2. What is the reasoning to do all the process of solving of pka?

Did you "get a compass" and sketch as he had suggested? The reasoning will be self-evident as you go through/finish the process.

 

[Dr.Peterson]

1. What is the symmetric tool and how it express in the problem?

I know the geometric picture that consists rectangle and circle is symmetry to the line that pass thorough E and perpendicular to AD so the even number of intersection points are even.

You answered your own question. You understand symmetry; the figure will be symmetrical, so that any points of intersection will be either on the line of symmetry, or paired. So the only odd numbers you can get will involve an intersection on that line (and possibly others). For each such possible point of intersection, what other intersections will there be?

 

[shahar]

What the purpose of circle with radius EB (r3) in the draw?

 

[Deleted member 4993]

What the purpose of circle with radius EB (r3) in the draw?

Have you drawn it?

 

[shahar]

yes!

 

[shahar]

Maybe I didn't draw it correctly. O.K. So what the purpose, what does it give to me?

 

[Deleted member 4993]

Maybe I didn't draw it correctly. O.K. So what the purpose, what does it give to me?

for radius = r₃

How many points of intersection do you have?

What are the sides of rectangle does the circle intersect?

 

[shahar]

O.K. Now I can see it!
I put the radii of 2 circles on the opposite side from the center incidentally.
Thank You for insist on checking my answer!
I think for the future telling to student that he need to check it is - Rule of Thumb.

It raise me the question in how many ways can a compass and ruler question will be understand wrong only by drawing radii in opposite direction. I know if I was a teacher I would notice my student to it.

Good Day!

 

[pka]

What the purpose of circle with radius EB (r3) in the draw?

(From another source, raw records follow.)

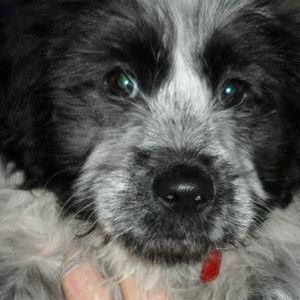 Meet your Posher, Jeannie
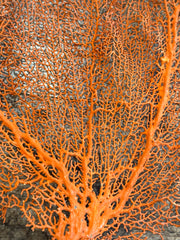 Red Sea Fan 25x21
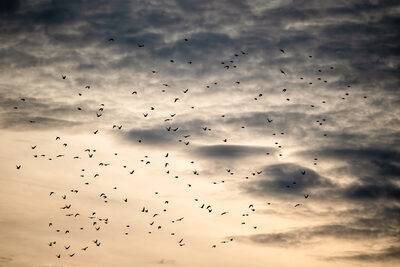 Platz 06 Wolken.jpg – Birgit Klewer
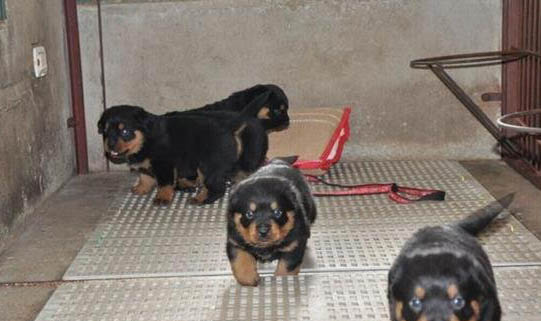 怎么挑选马犬幼犬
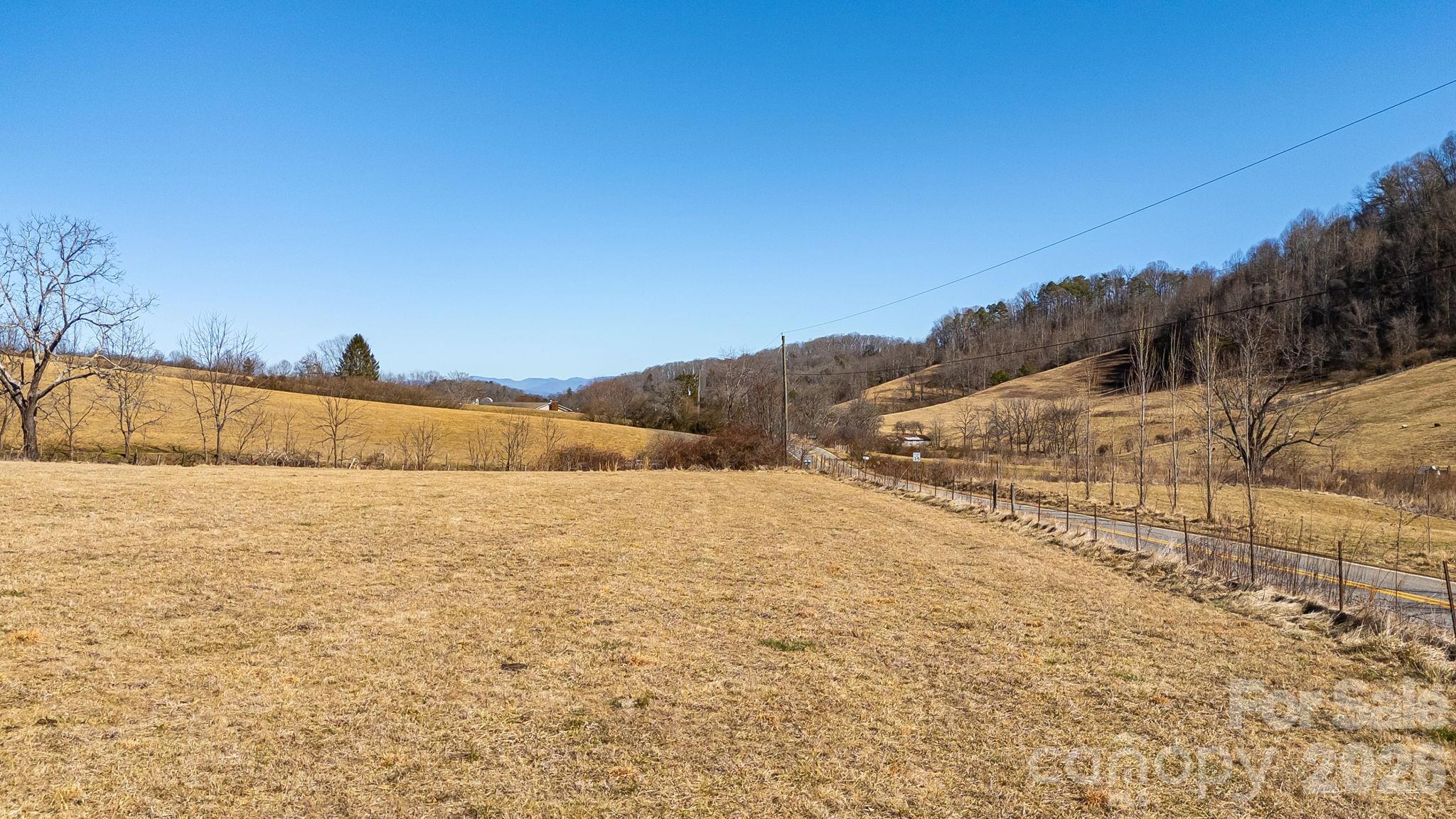 99999 Green Valley Road Leicester, NC 28748 - Photo 9 of 21 a view of an outdoor space and mountains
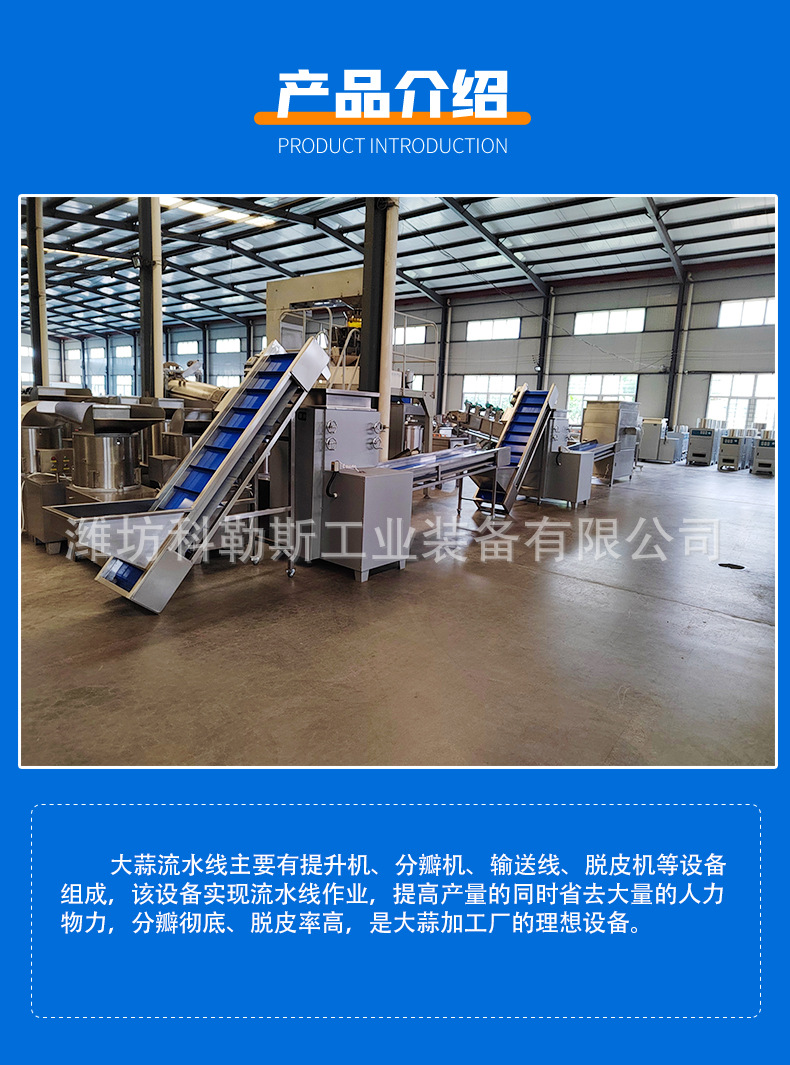 大蒜流水线_05.jpg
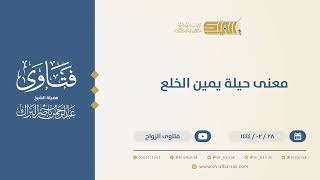 معنى حيلة يمين الخلع  - الشيخ عبدالرحمن البراك  (10244) image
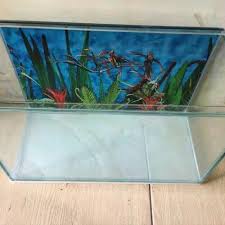 Aquascape ini sangat mudah dibuat, sangat bagus, dan te. Jual Aquarium Akuarium Ukuran 40 X 19 X 25 Cm 40x19x25 Untuk Aquascape Kota Bekasi Rida Alghasani Tokopedia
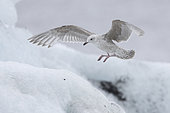 Iceland Gull (Larus glaucoides), side view of a juvenile in flight, Southern Region, Iceland
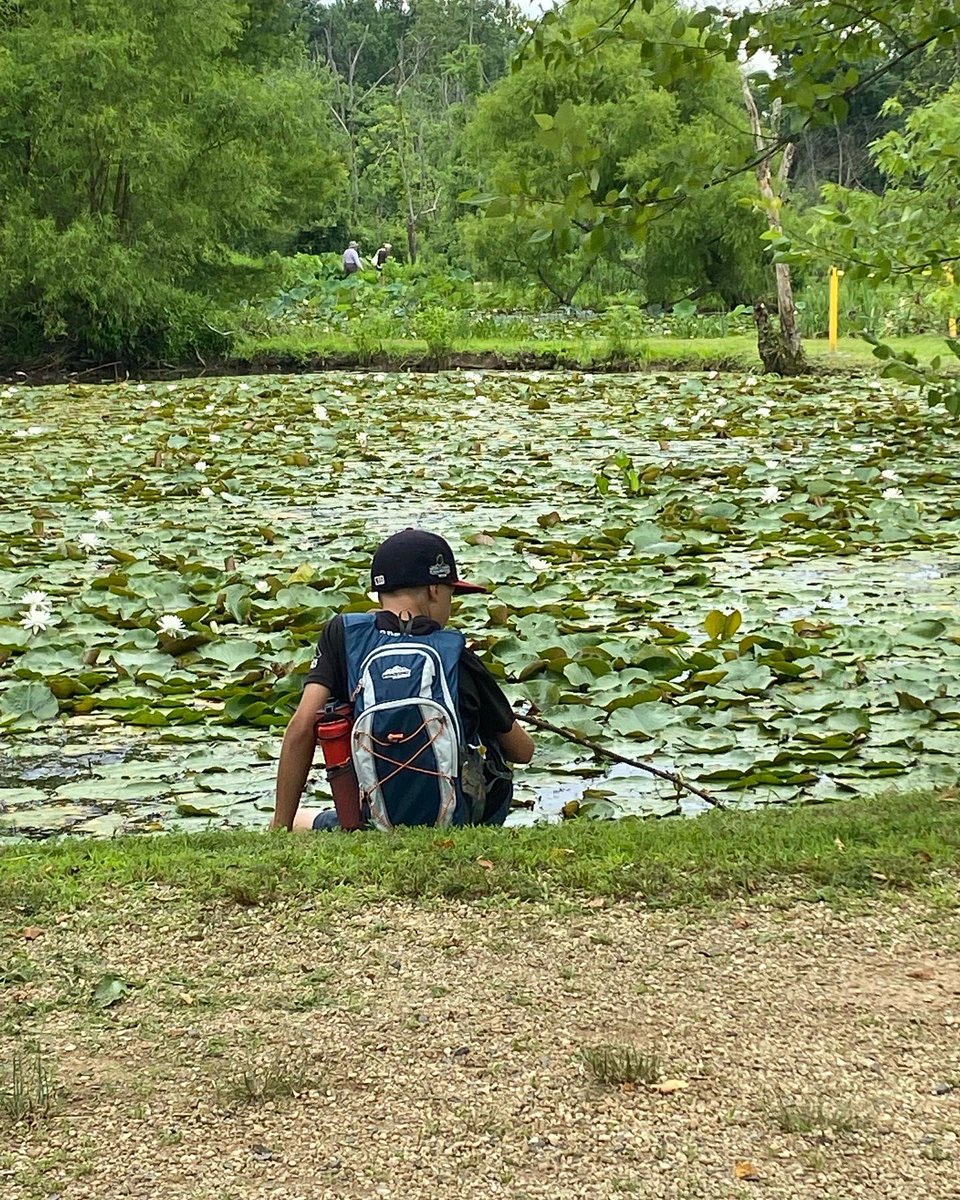 UrbanAdvSquad's tweet image. The exploration and learning have begun! (Yes, it’s raining—we’re good.) Thank you, Shannah of @KenAqGardens for the tents!
#JuniorRangerAdventureSquad 
#UASSummer2022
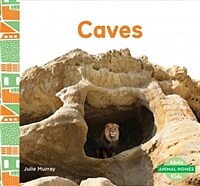 Caves (Library Binding)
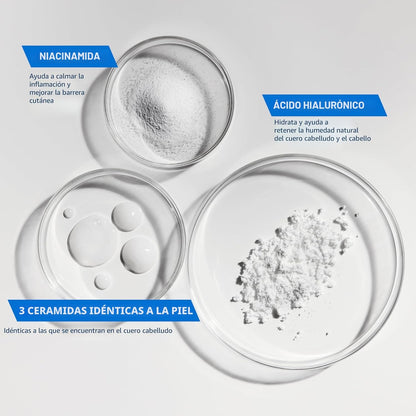CeraVe Champú Hidratante Suave, Con Ceramidas, Niacinamida y Ácido...
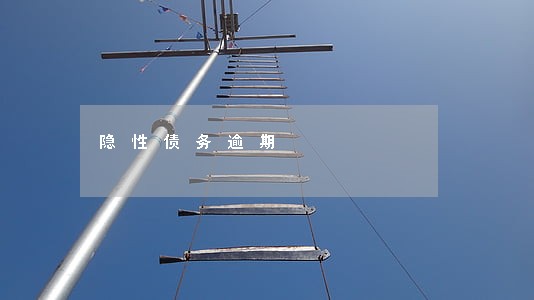隐性债务逾期 隐性债务逾期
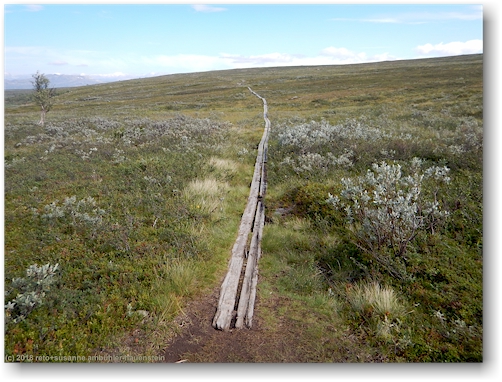 holzsteg entlang des kungsleden im tal des autsutj-jakka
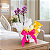 Kit Mini Phalaenopsis Johnson’s para Maternidade - Imagem 8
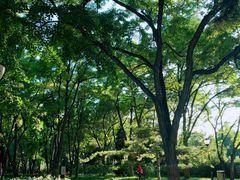 -玲珑塔公园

First lets lable the midpoint of \(\overline{BC} \text{ with }F\)
If you draw the circles correctly then:
1) the circle with radius \(EF\) will intersect the rectangle in exactly three points.
2) the circle with radius \(EB\) will intersect the rectangle in exactly two points, \(B~\&~C\).
3) if \(EF<r_5<EB\) then the circle with radius \(r_5\) will intersect the rectangle in exactly four points.